Chapter 1

Overview of Scheme

This chapter gives an overview of Scheme’s semantics. The purpose of this overview is to explain enough about the basic concepts of the language to facilitate understanding of the subsequent chapters of the report, which are organized as a reference manual. Consequently, this overview is not a complete introduction to the language, nor is it precise in all respects or normative in any way.

Following Algol, Scheme is a statically scoped programming language. Each use of a variable is associated with a lexically apparent binding of that variable.

Scheme has latent as opposed to manifest types [28]. Types are associated with values (also called objects) rather than with variables. (Some authors refer to languages with latent types as untyped, weakly typed or dynamically typed languages.) Other languages with latent types are Python, Ruby, Smalltalk, and other dialects of Lisp. Languages with manifest types (sometimes referred to as strongly typed or statically typed languages) include Algol 60, C, C#, Java, Haskell, and ML.

All objects created in the course of a Scheme computation, including procedures and continuations, have unlimited extent. No Scheme object is ever destroyed. The reason that implementations of Scheme do not (usually!) run out of storage is that they are permitted to reclaim the storage occupied by an object if they can prove that the object cannot possibly matter to any future computation.
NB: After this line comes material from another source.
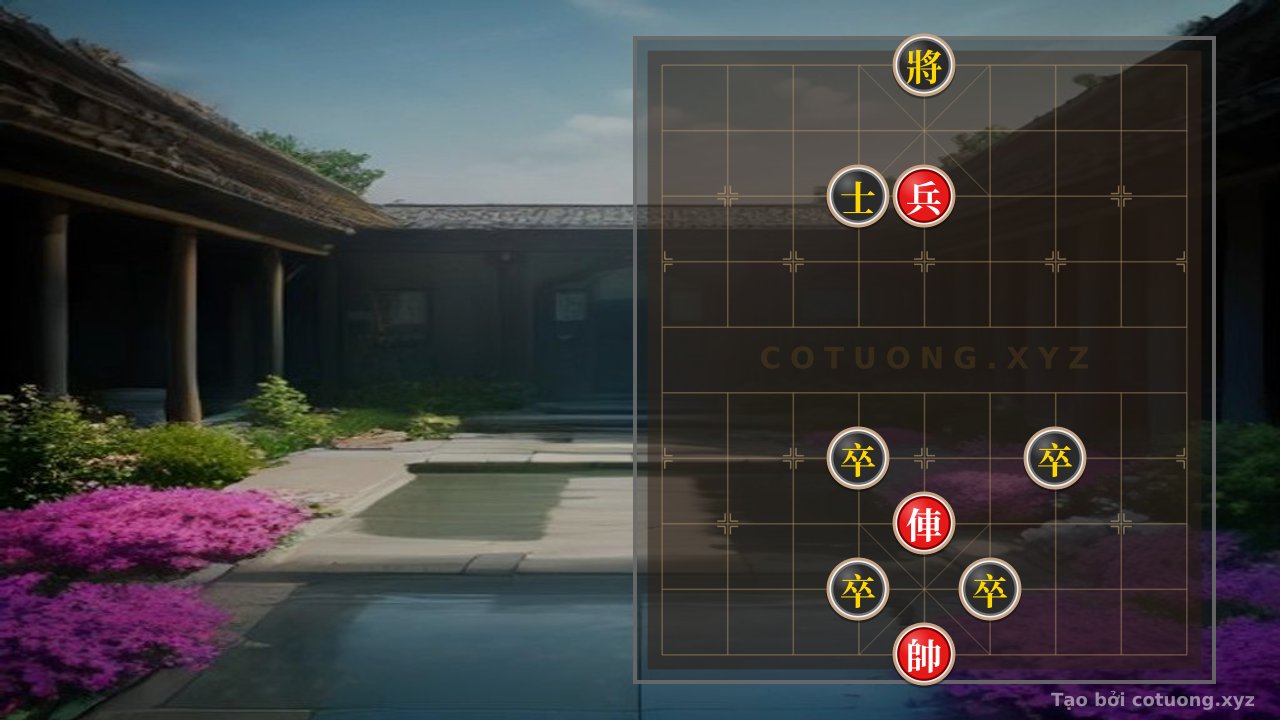 Thế cờ: Solo Chess Battle: Red Rook's Decisive Attack — Cờ Tướng Online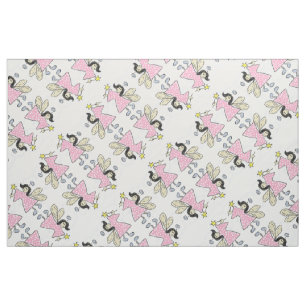Tela Pink Polkadot Angel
Other languages in which most objects have unlimited extent include C#, Java, Haskell, most Lisp dialects, ML, Python, Ruby, and Smalltalk.

Implementations of Scheme are required to be properly tail-recursive. This allows the execution of an iterative computation in constant space, even if the iterative computation is described by a syntactically recursive procedure. Thus with a properly tail-recursive implementation, iteration can be expressed using the ordinary procedure-call mechanics, so that special iteration constructs are useful only as syntactic sugar. See section 4.9.

Scheme was one of the first languages to support procedures as objects in their own right. Procedures can be created dynamically, stored in data structures, returned as results of procedures, and so on. Other languages with these properties include Common Lisp, Haskell, ML, Ruby, and Smalltalk.

One distinguishing feature of Scheme is that continuations, which in most other languages only operate behind the scenes, also have “first-class” status. Continuations are useful for implementing a wide variety of advanced control constructs, including non-local exits, backtracking, and coroutines. See section 9.16.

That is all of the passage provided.